§ PROBLEM: Beginning at the line that holds "Arnold Genthe Framed", repeat every line through the last line of the material, exactly, and drop any pictures.

§ MATERIAL FOR THIS EXERCISE:

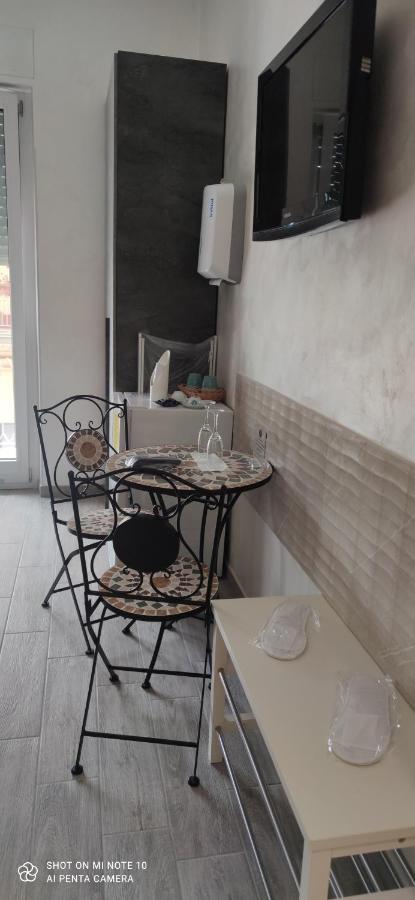 B & B Le Gemelline Salerno Luaran gambar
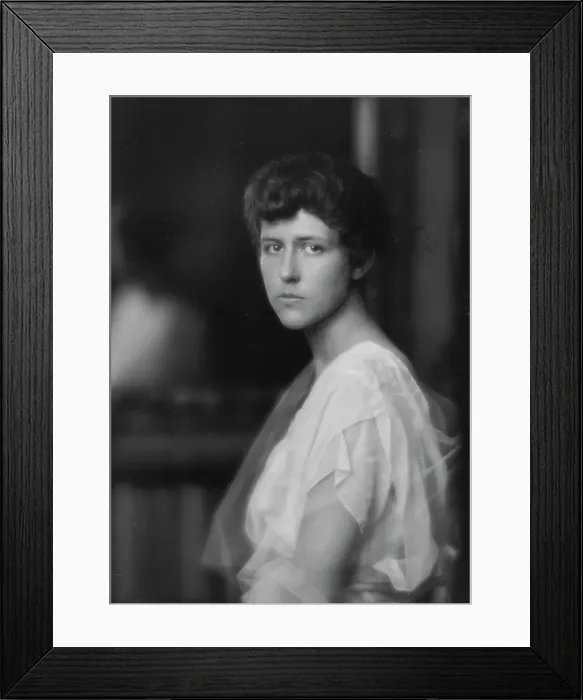 Framed Print : Scheld, Miss, portrait photograph, 1915. Creator: Arnold Genthe Framed Print : Scheld, Miss, portrait photograph, 1915. Creator: Arnold Genthe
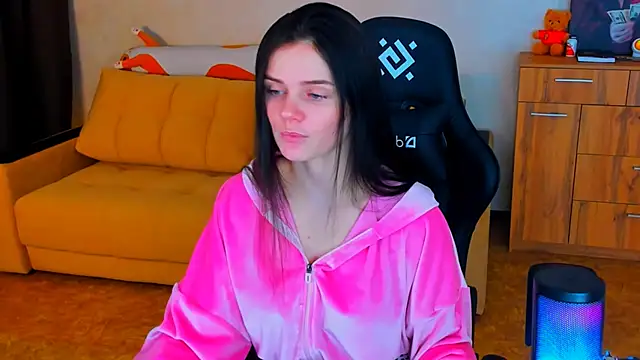 Lora Cain online show from January 18, 2025, 4:10 pm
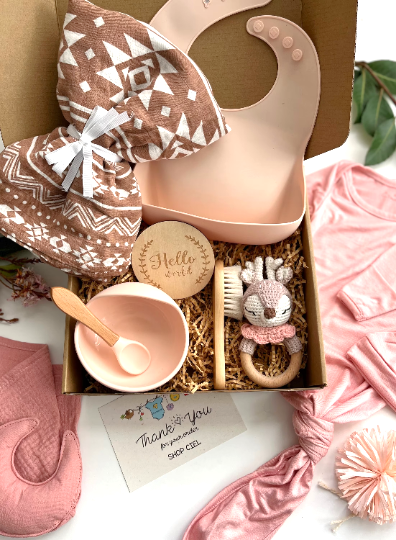 9 Piece Gift Set | Newborn Gift Basket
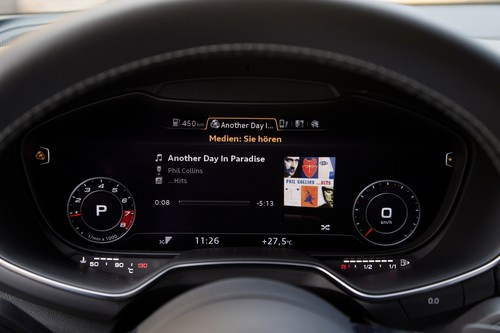 Audi TTS 2.0 TFSI Quattro: Das zentrale digitale Display dient nicht nur der Navigation.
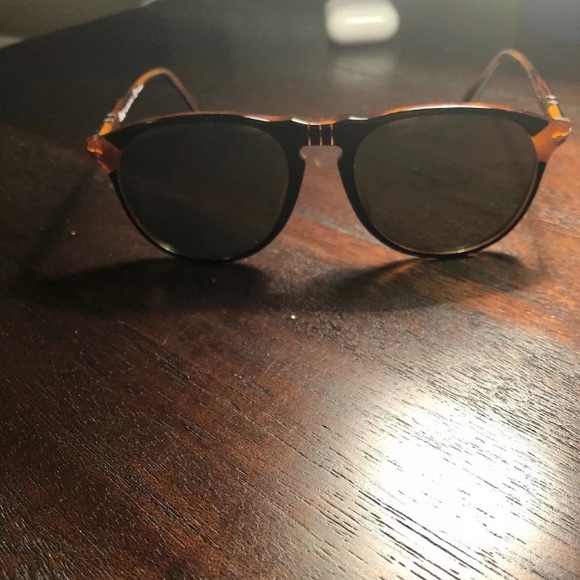 Browns Persolpilot style glasses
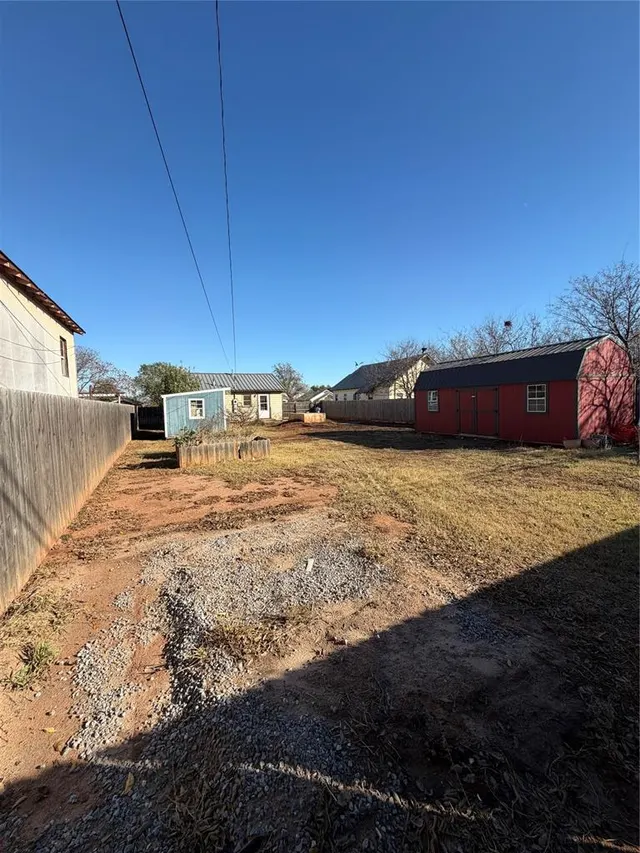 Photo 3 — 715 N Jackson Street, Altus, OK 73521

§ WRITTEN REPLY:
 Framed Print : Scheld, Miss, portrait photograph, 1915. Creator: Arnold Genthe Framed Print : Scheld, Miss, portrait photograph, 1915. Creator: Arnold Genthe
 Lora Cain online show from January 18, 2025, 4:10 pm
 9 Piece Gift Set | Newborn Gift Basket
 Audi TTS 2.0 TFSI Quattro: Das zentrale digitale Display dient nicht nur der Navigation.
 Browns Persolpilot style glasses
 Photo 3 — 715 N Jackson Street, Altus, OK 73521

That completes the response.